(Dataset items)
● ● ●

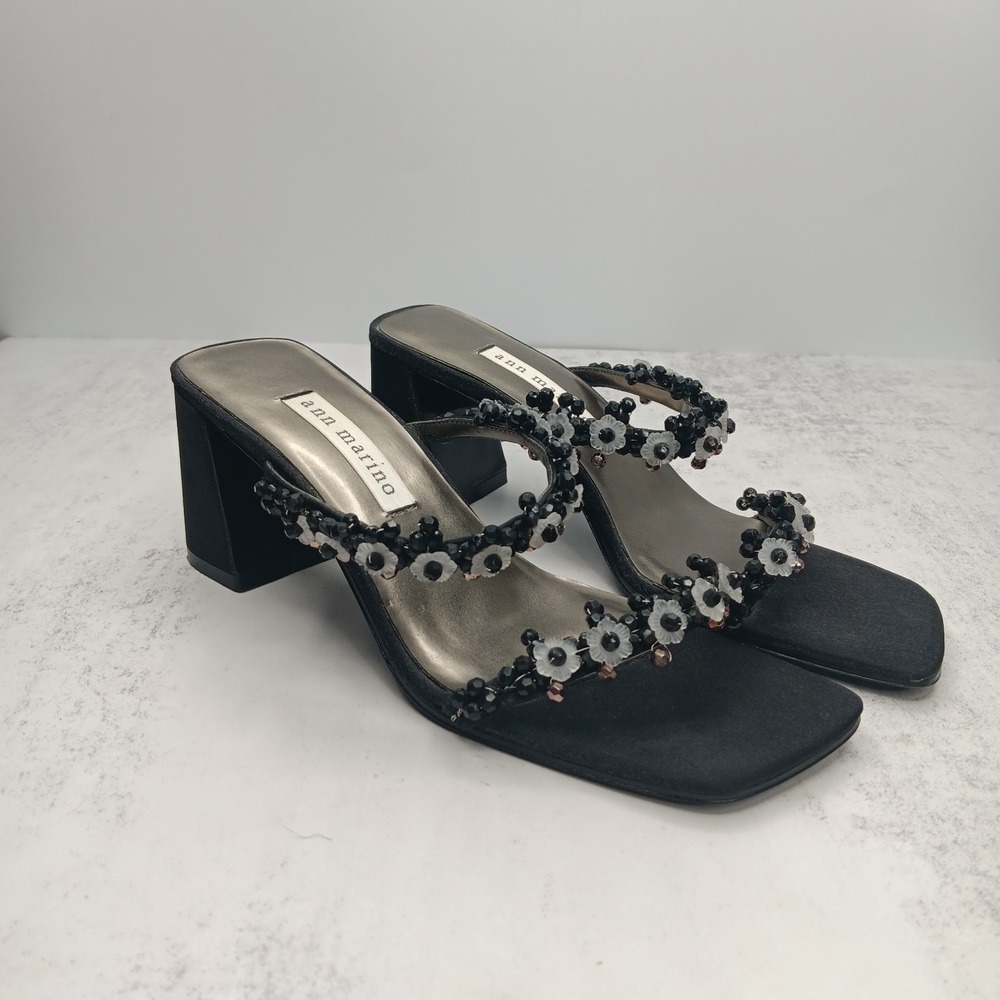 Y2K Ann Marino Heel Sandals 6 Black Beads Embellished Square Toe Block Heel HOCO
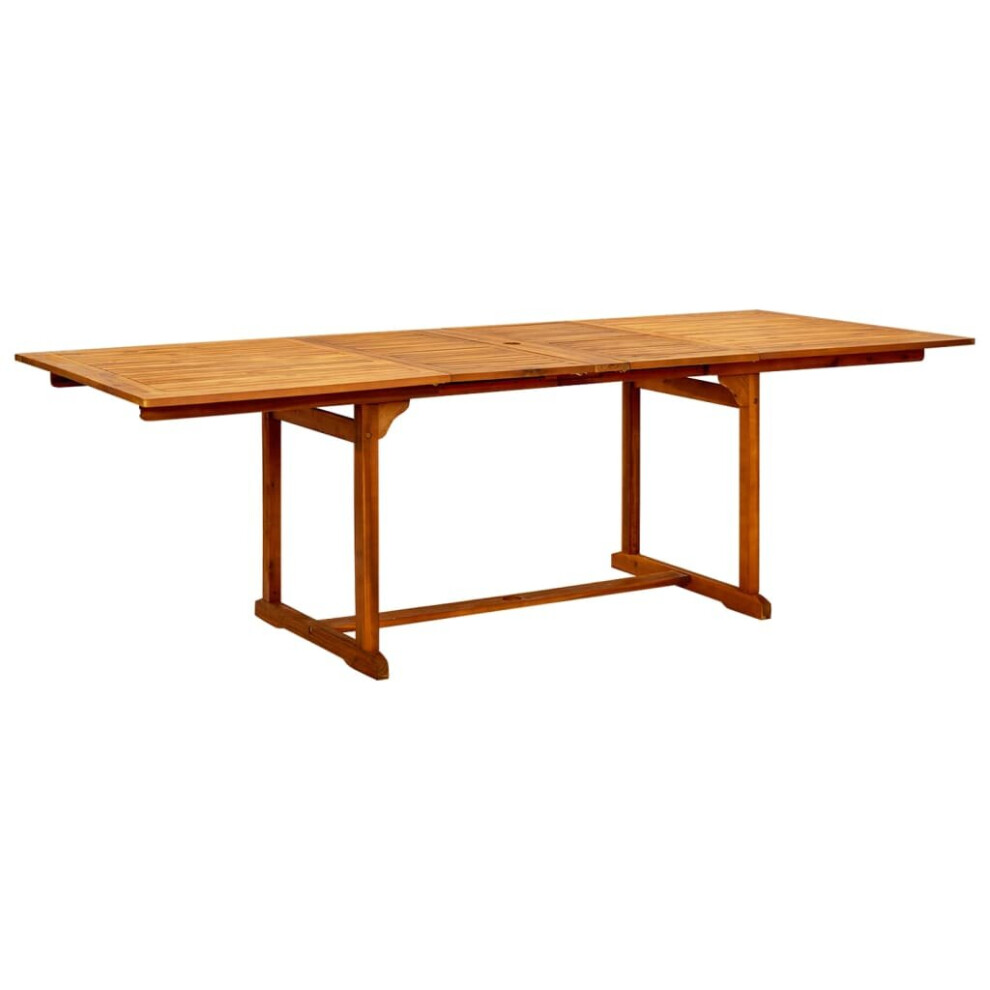 vidaXL Solid Acacia Wood Garden Dining Table Extendable Outdoor Patio Table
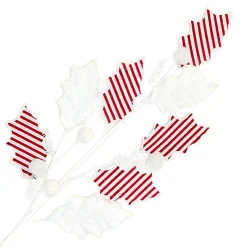 SPRAY LEAVES FABRIC 27″ WHITE/ RED HOLLY STRIPES
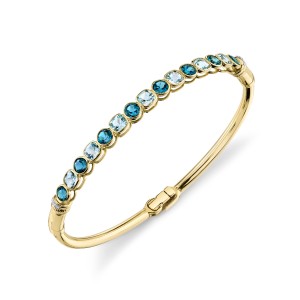 Sloane Street 18kt Yellow Gold Blue Topaz And Diamond Bangle Bracelet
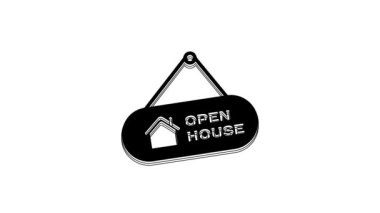 Black Hanging sign with text Open house icon isolated on white background. Signboard with text Open house. 4K Video motion graphic animation.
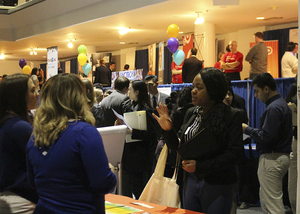 Syracuse University students look to master the art of the job interview at a career fair in the Martin J. Whitman School of Management.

● ● ●

_DIRECTIONS_
In the transcription, every picture is to be excluded and the records above given again exactly.

_TASK OUTPUT_
 Y2K Ann Marino Heel Sandals 6 Black Beads Embellished Square Toe Block Heel HOCO
 vidaXL Solid Acacia Wood Garden Dining Table Extendable Outdoor Patio Table
 SPRAY LEAVES FABRIC 27″ WHITE/ RED HOLLY STRIPES
 Sloane Street 18kt Yellow Gold Blue Topaz And Diamond Bangle Bracelet
 Black Hanging sign with text Open house icon isolated on white background. Signboard with text Open house. 4K Video motion graphic animation.
 Syracuse University students look to master the art of the job interview at a career fair in the Martin J. Whitman School of Management.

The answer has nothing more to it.